Former environment minister Alan Kelly, who made no secret of his own ambitions, snubbed his colleague’s unveiling and later warned he had wanted an open contest.
He also claimed Labour members backed the idea of a free vote.
Mr Kelly congratulated Mr Howlin but said: ” Over the past week I sought to ensure that the leadership of the party would be chosen by the members, by way of a contest and a democratic election.
“I further thought that a shortened contest would allow for re-engagement with our members and ensure a contest based on vision and ideas for the future direction of the party, where the best candidate would emerge with a clear mandate.
“The rest of the parliamentary party took a different view to what I believe is the members’ wish and entitlement.
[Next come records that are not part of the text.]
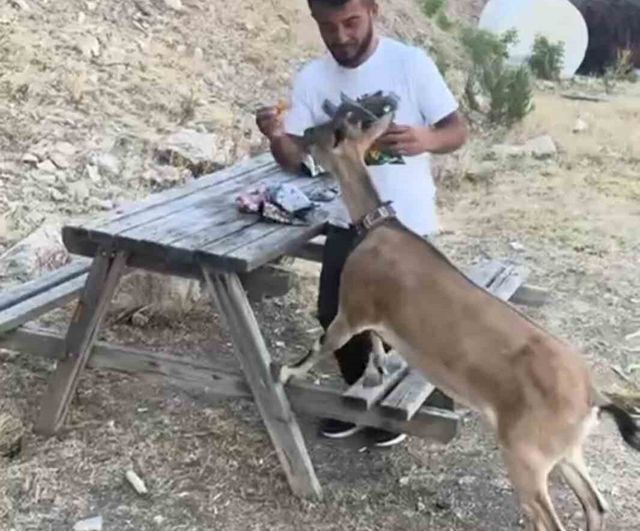Yozgat'ta Kazankaya Kanyonu'nda Coşkun Uzun dağ keçisini elleriyle besledi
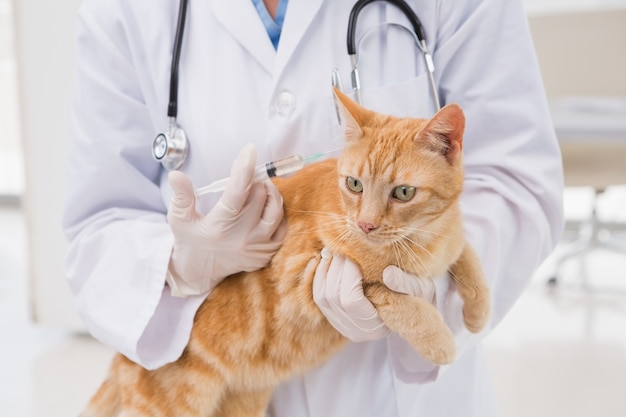 Veterinario haciendo inyección en un gato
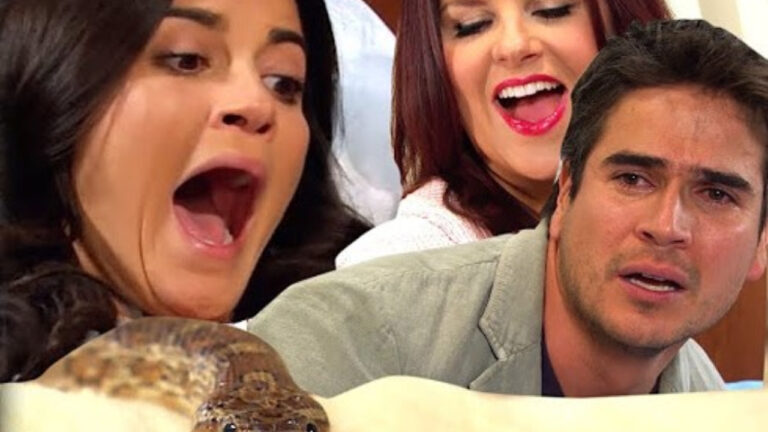 Esmeralda leva picada de cobra em A Gata. (Foto: Divulgação)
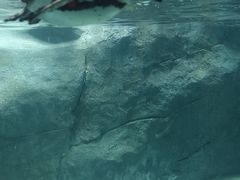 -合肥野生动物园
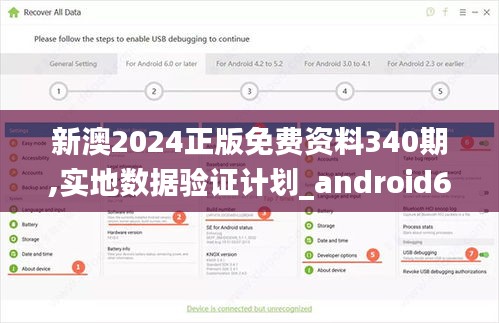 新澳2024正版免费资料340期,实地数据验证计划_android68.429-9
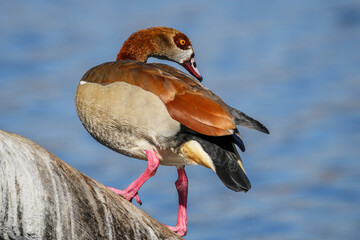 An Egyptian goose perched on a branch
I want to thank the huge volume of members who have confirmed that view to me.”
But Mr Howlin, former minister for public expenditure in the coalition with Fine Gael, insisted there would be no fallout between him and his only rival.
“Absolutely, no trouble at all,” he said.
“Alan Kelly’s heart is in the Labour Party and his place is at the heart of the Labour Party.
“I have no doubt in my mind, knowing the man, his capacity, his ability and his integrity, as I do, he will be an intrinsic part of the Labour Party into the future.”
Mr Howlin told RTE’s News At One that he had spoken to Mr Kelly for hours on the leadership question but that his victory had been finalised under party rules “appropriately and properly”.
He also appealed for him not to be an enemy.
Mr Kelly failed to force a vote among Labour members after he could not muster up the support from just one of the four TDs who had the power to second his nomination.
Mr Howlin denied a campaign had been run to get him into the leader’s seat unopposed.
A TD for Wexford since 1987, he previously ran unsuccessfully for the leadership and also served as Leas Ceann Comhairle in the Dail during his career.
Mr Howlin’s biggest job will be trying to win back support for a party decimated in the February election when it lost 30 of its 37 seats.
He began that by launching a sterling defence of the party’s decision to go into government in 2011.
“It’s hard to show that you stand for Labour’s values when you have to go into government to rescue the country from the vandalism inflicted upon it by those who do not share our values,” he said.
“Cleaning up the mess left by others may not have proven electorally popular, but it had to be done. It had to be done to ensure this country’s future. Now, Labour and Ireland are in a strong position to grow.”
Mr Howlin said he was immensely proud and deeply humbled to be Labour’s 12th leader.
The new leader also issued a direct appeal to politicians and supporters who have left the party in recent years or found themselves on the fringes to come back.